5.11.12

Karnad, Naipaul and Areas of Darkness

Literary festivals are becoming increasingly like maidan politics. The recent controversy at the Mumbai Landmark LitLive Festival only shows that many people are willing to travel on the Muslim gravy cart because Islam is the best little rock show in town at a given time.



V. S. Naipaul’s views on the Indian Muslim and Islam are skewed and, in many ways, reprehensible. However, did playwright Girish Karnad do the right thing by hitting out at him? My answer is an emphatic ‘no’. To those who are not aware, Girish Karnad is not a “performer”. His works have tackled historical themes and, if it is of any importance, he happens to be a Rhodes scholar. He has always worn his accomplishments lightly and I’d have listened to him with much interest if only he had not misused the platform he was given.

The subject he was to speak on was “My Life in theatre”. He found it boring. What happens to the audience who landed up there keen to listen to the maverick veteran talk on what he is so accomplished in? He said later:

“At the time of accepting the invitation to the festival two months ago, there had been no talk of Naipaul being honoured. When I learnt of it later, I did my homework. I have, of course, read his books, so the accusations were not without basis.”

If he had issues with the choice for the Lifetime Achievement award, he should have made it known to the organisers and told them he would like to speak on this (many more would have landed up at the venue), or boycotted the function and issued the statement which he ultimately made in his speech.

This is not a government award. Private organisers and groups can choose whoever they wish to. Naipaul had left, so who was he addressing? Does he assume people are not aware about his work, his stand?

While rubbishing the Indian obsequious attitude towards Nobel laureates and foreign Indophile sources, Dr Karnad himself relies on it:

“(William) Dalrymple has been attacking Naipaul’s views since 2005. What I find disgraceful is that the criticism came from Dalrymple (a foreigner) and not an Indian writer. Which is why I stepped up.”

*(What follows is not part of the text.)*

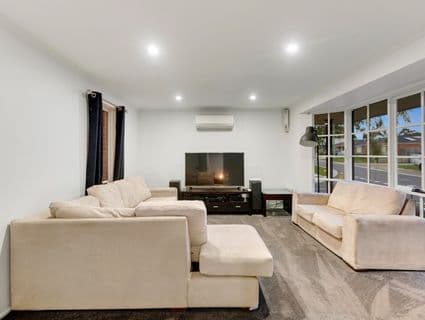 98 Cranhaven Road, Langwarrin, VIC, 3910, Langwarrin - Thumbnail 3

Oh, please. People have been critical of Naipaul’s views for years (yes, this humble writer included), and it is a pity that Karnad ends up certifying the views of an outsider while holding Naipaul’s sources in contempt. (I am aware that there are many who think foreigners who write about India are doing a huge favour, and are objective. Let us not forget that dear William organises the Jaipur Literature Festival, and there is always the necessity to have a backup plan.)

There are a few accusations that I’d like to specifically respond to:

Sycophancy:

There are probably very few awards that are not in some way given for special reasons. Indeed, prominent names or those who find favour with prominent names often end up in short lists. Publishers’ lobbies exist and make certain some writers get there. Literary festivals are also part of this ‘deal’. It is a transaction first, plain and simple.

The other point is that such festivals depend on an audience.  An audience tends to follow a herd mentality and will gather where ‘names’ are.  Karnad himself talks about Naipaul’s literary merit, so how does he expect people not to be interested in it?




Does he have a problem only with the award?

“What was the basis of their choice? Is this an international award when the alternatives could have been Derek Walcott or Orhan Pamuk, who has a following here? Or was it an Indian award where the candidates for it then could have been M T Vasudevan Nair or Paul Zacharia. Or was the festival only honouring Nobel laureates? What are the terms of your nomination?”

Again, should he not have talked with the organisers when he discovered who was to receive it? Besides, on what basis is he mentioning these names? That they are not anti-Muslim? I say this because the Karnad strategy was to hit out at essentially this one aspect of Naipaul. 
Anti-Muslim:

You would need to wear blinkers not to figure out that in the last few years, Naipaul decided to junk the “multi-culti” idea and embrace his version of nationalism from a safe distance. His friend and knight in India, Farrukh Dhondy wrote:

“The argument of his books, as with so much of his work, is a corrective to the Indian nationalist view of history which was generated in the country’s fight for independence from British colonial rule and in the interests of unity made scant mention of the process, cruelty, negligence, slaughter and destructive wars of the earlier raids and conquests of Muslim and later Mughal warlords and kings.”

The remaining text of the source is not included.